By way of explanation: some of the more industrial customers go through $100,000 worth of fuel every month!

And we get the same considerate and prompt service as they do.  The crew doesn’t even really need us to be there when they come.  But we like to see them.  They know where everything is, how to get at it and what to deliver.  We mostly just stand around getting in their way.  But part of that hour spent is cracking a few jokes, catching up on any new neighbours arriving and learning about how busy the season has been for each other.

But the service is now threatened.  For all of us.

It is hard to argue with the threat.  We want the coast to be as pristine and unpolluted as possible.  That is why we are here, after all.  But in order to achieve that, the government has mandated that all such commercial ships be double-hulled.  They want to reduce the risk of oil spills.  And a barge full of fuel is a risk.  No question.  But to double-hull the barge will cost millions and the current customer base simply couldn’t shoulder the cost which the barge compnany would have to pass on.  Plus, they have been plying the same waters serving the same customers for decades.  They are the least likely of ships to hit something and be holed.

Makes no difference.  They will be forced to comply.  Probably.  Or go out of business.  More probably.

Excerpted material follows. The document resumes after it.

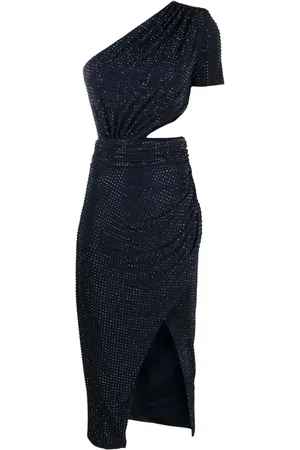 Self-Portrait Vestido midi con aberturas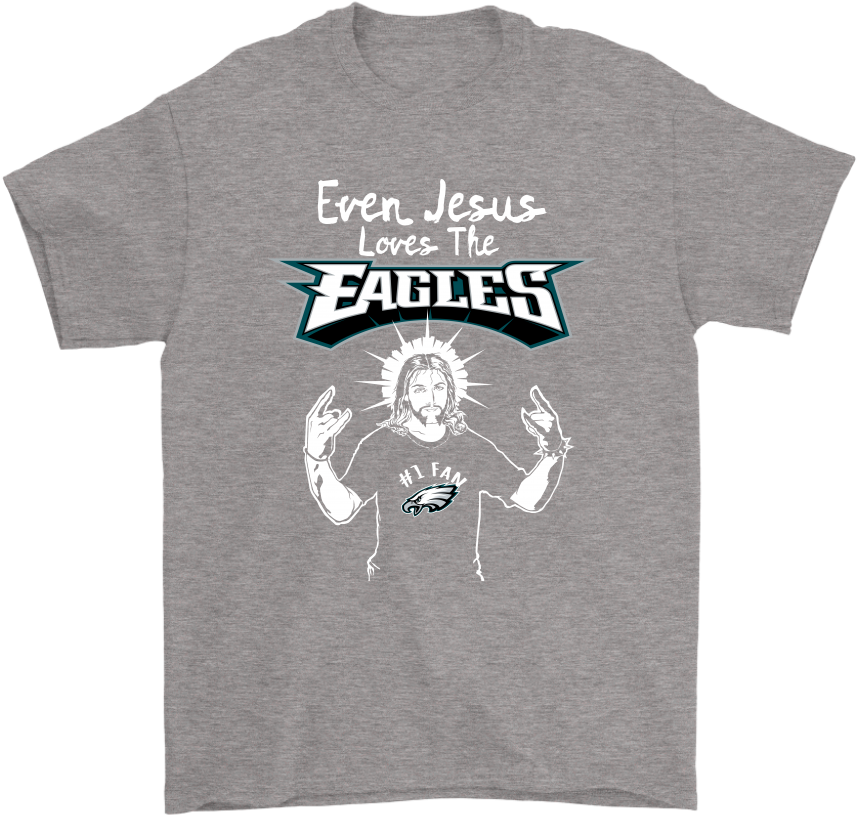Even Jesus Loves The Eagles - Nfl Philadelphia Eagles 10 Greatest Games (dvd) (1024x1024), Png Download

The net effect of this ‘better eco’ standard (again: which I find hard to disagree with) is that the service will be less affordable or withdrawn altogether.  And that will impact those who live here greatly.

The overall effect will be to further ‘push’ people from a rural environment into an urban one.  And one more indirect, subtle force will be levied that results in conformity and controlled living as determined by government.  We can’t have the barge but we can get on transit.  And we can no longer walk in the forest but we can go from one little box to another.  Working for the system that put us there.

“Dave, surely you don’t think there is a plot afoot to drive people to urban living?”   

No, I don’t.  Not really.  Not a conscious one, anyway.  But there are decisions being made constantly by Big Brother and the Holding companies that have that effect.  The desire to make things cheaper, to make people conform, to limit freedoms and to concentrate services has the effect of pushing people into concentrations and we call those concentrations cities.

I suppose we could call them camps but concentration camps has a bad connotation.

As for me, I will resist.  I will pay the barge more if they continue their service or I will resign myself to doing the hard work and heavy lifting in a fuel-smelling confined space (the car) if I have to.  It is still worth it.  I will never return to the concentrations.